By the time we reach the conclusion of this series, I hope you will understand how I can be both deeply supportive of and deeply worried by parachurch ministries—as well as hopeful for the future.
Before I get into the nitty gritty of all of this, I want to be very clear on what I am talking about. It will not to do to spend our time in the comments arguing about what exactly constitutes a parachurch ministry, etc. For the sake of the discussion, here is how I am defining parachurch: any Christian organization oriented toward outreach, discipleship, and fellowship that does not consider itself to be a church.
In this conversation, I intend to include organizations like Fellowship of Christian Athletes, Campus Crusade for Christ, Young Life, pastors' associations, etc., while excluding a number of others like Focus on the Family or the International Justice Mission. While these latter ministries (and many others like them) certainly are parachurch in nature, they are not the sort of parachurch organizations I have in mind—not least because they do not generally fall prey to the problems I intend to address.
One risk I run in a series like this is sniping at my allies. I want to be clear from the outset: my goal is not to tear down the work that parachurch organizations are doing, but rather to encourage them to become even more faithful supporters of the local church. As I noted in my introduction, I have benefited deeply from the work of a parachurch organization—as have most of my peers, including other authors here at Pillar on the Rock. I am grateful for the ways God worked in and through those organizations, and (as I will detail more in a later article) I think they are doing a lot of things well.
At the same time, where parachurch organizations have made mistakes, we must not shy away from offering gentle, gracious criticism aimed at moving them in a healthy direction. To the contrary, this series is penned in the hopes that what is good can become better—possibly even much better! Ultimately, I hope to see more parachurch ministries patterning themselves and their relationships with local churches on biblical terms.
Even while this series may be controversial, to many of our readers it may also seem unimportant. Most of you have no direct involvement with any ministries that fit under the definition I laid out above. Others will have only tenuous connections via friends or relatives who are involved in parachurch ministries. Nonetheless, this series matters to you, and it matters to your church. Pastors' associations, college ministries, and youth outreach events all offer great opportunities—but they have some potential pitfalls, too.
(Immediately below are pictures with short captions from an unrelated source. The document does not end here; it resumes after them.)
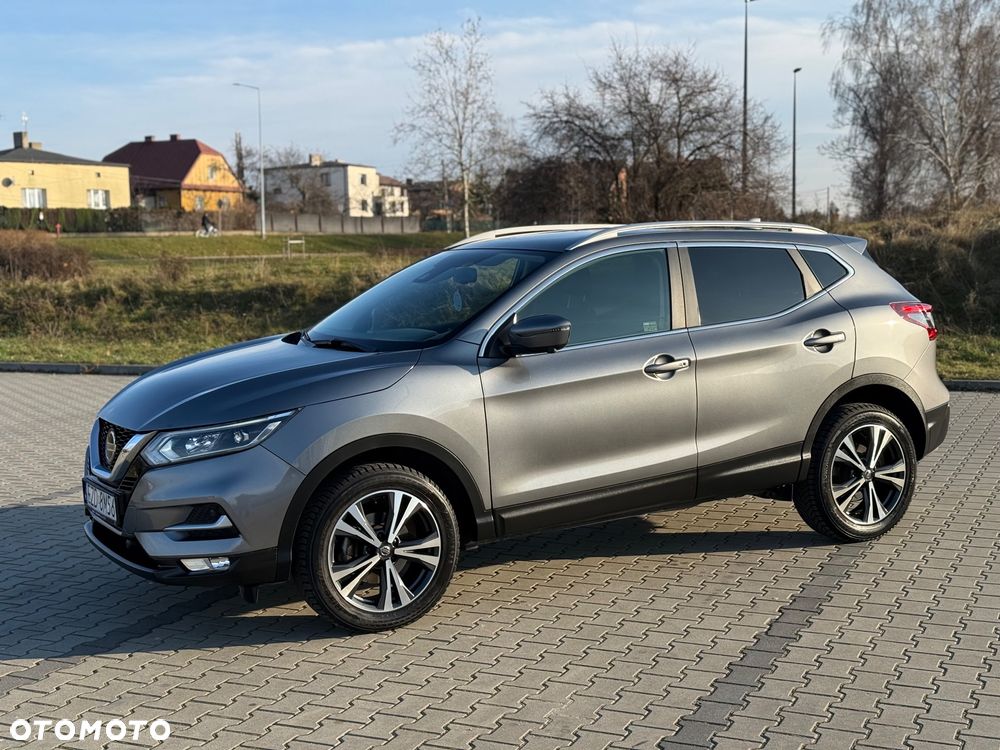 Nissan Qashqai - 15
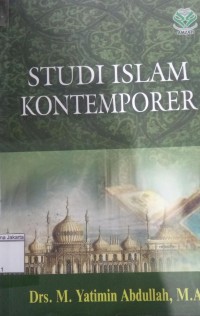 Studi Islam kontemporer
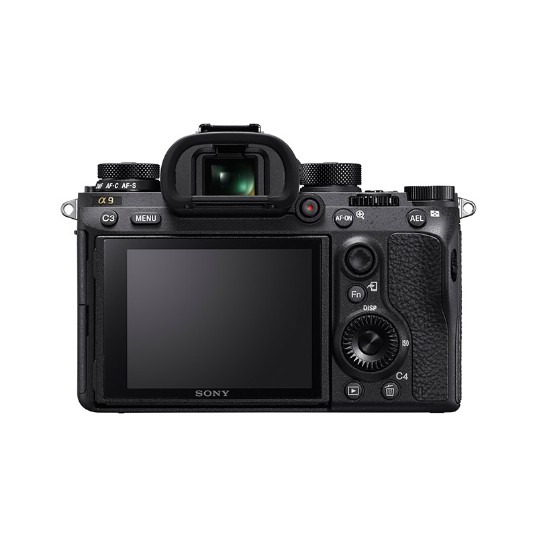 索尼微单相机 Alpha 9 （ ILCE-9/A9/&alpha;9）单机身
Those of you who are much more involved with parachurch ministries—whether because you currently participate in one, financially support workers in one, or are yourself on staff with one—already know that this is important. I hope you will take this series as an opportunity to evaluate the way your parachurch ministries act, and to ask how they can support the local church more effectively. Furthermore, I hope you will be open to hearing some of the critiques I offer—for my part, I will do my very best to offer them humbly and graciously.